I have a Dell 24" monitor (2405).  To get pixel-perfect alignment from
my system with only analog output, I had to set the background on one
virtual desktop to the old X black-and-white stipple pattern.  I
switch to that desktop and hit the auto-align button, and the results
end up pretty decent, although I can still see some flickering.  But
sometimes it decides to auto-align on its own (like when switching
from X to a virtual console or back), gets it wrong, and then I have
to do it manually again.  Sometimes I have to do it repeatedly to get
good results.  But that system (not the MythTV one) is old and I have
an AGP FireGL board in it, which performs well and has 100%
open-source drivers, so that's why I'm putting off the upgrade; but
nevertheless I will need to upgrade soon.  My wife's system has the
Dell 19" monitor, and its auto-align doesn't work as well.

There's no question DVI digital is better when it works.  But another
issue is that 1920x1200 requires reduced blanking.  I have another
system (for Windows and for playing with Linux distros other than
Gentoo) which has DVI and it doesn't always work; sometimes the whole
screen blanks periodically, and to get it stop doing that I have to
power off the system and then boot again.  I guess it's a driver bug
because when I run Ubuntu on the same system that doesn't happen.

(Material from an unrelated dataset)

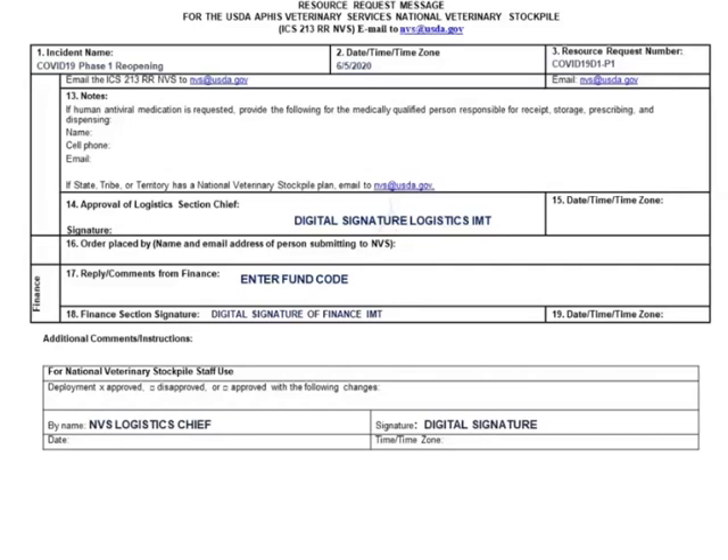Once we receive the 213, the last portion is for the NDS. Who signs it depends on what is being requested. If it's a routine request like masks or most stockpile items, I will sign it. If it's a request for TB testing equipment, my director would sign it, or even higher senior leadership.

Anyway it seems short-sighted that when DVI came out, there were
already higher-resolution monitors available than what it could
handle.  (Consequently I'm pushing the maximum number of pixels that
it can handle already, and wishing I could have more.)  Dual-link
feels like a kludgy workaround.  But there is a new standard in the
works anyway... hopefully this time they look forward a bit and design
it to handle higher resolutions than what we have so far.

My Myth machine refuses to display text mode over DVI when connected
to my projector.  I hate that.. and if I connect an analog monitor
(even if it's turned off) then X will come up on the analog output
rather than DVI even though the projector is also connected.  So it
has to be just one or the other.  This is with a modern GeForce board
that I just bought a couple months ago (7100 maybe?  I forgot).